**Problem**
Only the pictures are to be dropped; the rest of the data below is to be duplicated exactly.

**Material provided**
_ _ _ _ _ _ _
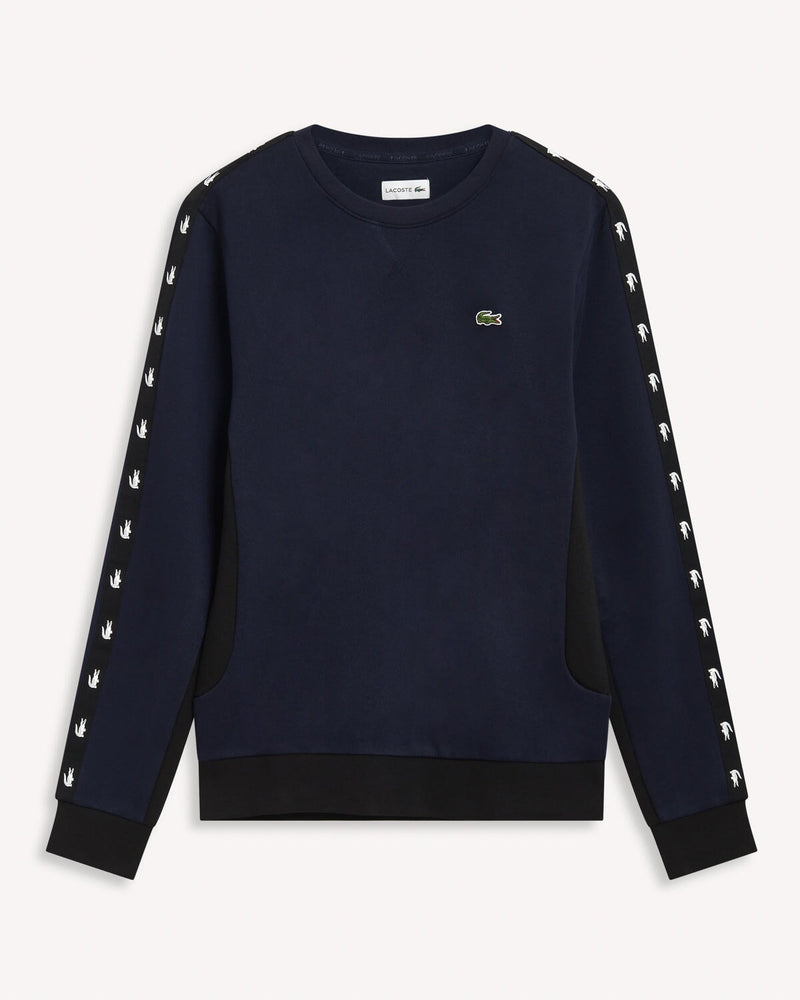 Lacoste Logo Tape Sleeve Sweatshirt Navy | Malford of London Savile Row and Luxury Formal Wear Sale Outlet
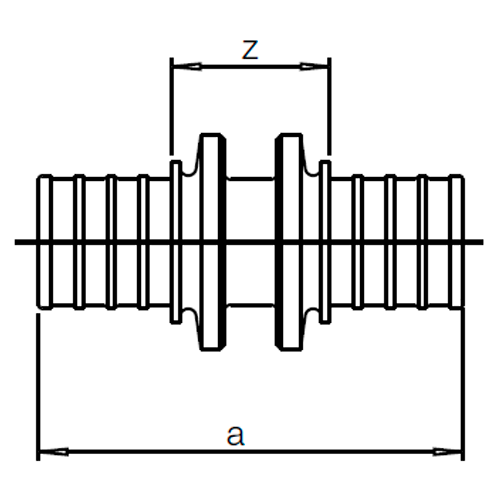 Муфта соединительная Rehau RAUTHERM S Дн10x1,1 Ру10 равнопроходная для труб из сшитого полиэтилена, присоединение - аксиальное, корпус - латунь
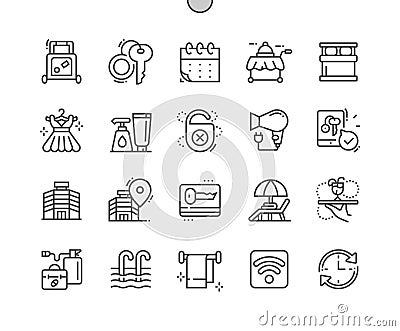 Hotel Services. Ordering food. Hotel location. Vector Illustration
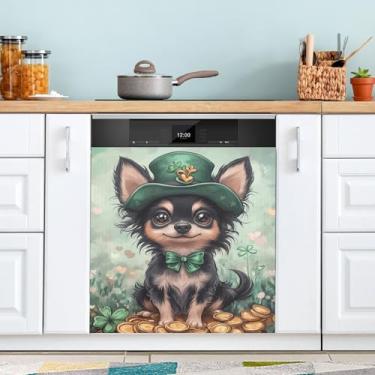 Imagem de ATTX Capa de ímã de lava-louças de cachorro fofo Dia de São Patrício, 58 cm C x 66 cm A decoração da capa da máquina de lavar louça, decalques de armário doméstico adesivos de eletrodomésticos #147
_ _ _ _ _ _ _
**Exercise result**
 Lacoste Logo Tape Sleeve Sweatshirt Navy | Malford of London Savile Row and Luxury Formal Wear Sale Outlet
 Муфта соединительная Rehau RAUTHERM S Дн10x1,1 Ру10 равнопроходная для труб из сшитого полиэтилена, присоединение - аксиальное, корпус - латунь
 Hotel Services. Ordering food. Hotel location. Vector Illustration
 Imagem de ATTX Capa de ímã de lava-louças de cachorro fofo Dia de São Patrício, 58 cm C x 66 cm A decoração da capa da máquina de lavar louça, decalques de armário doméstico adesivos de eletrodomésticos #147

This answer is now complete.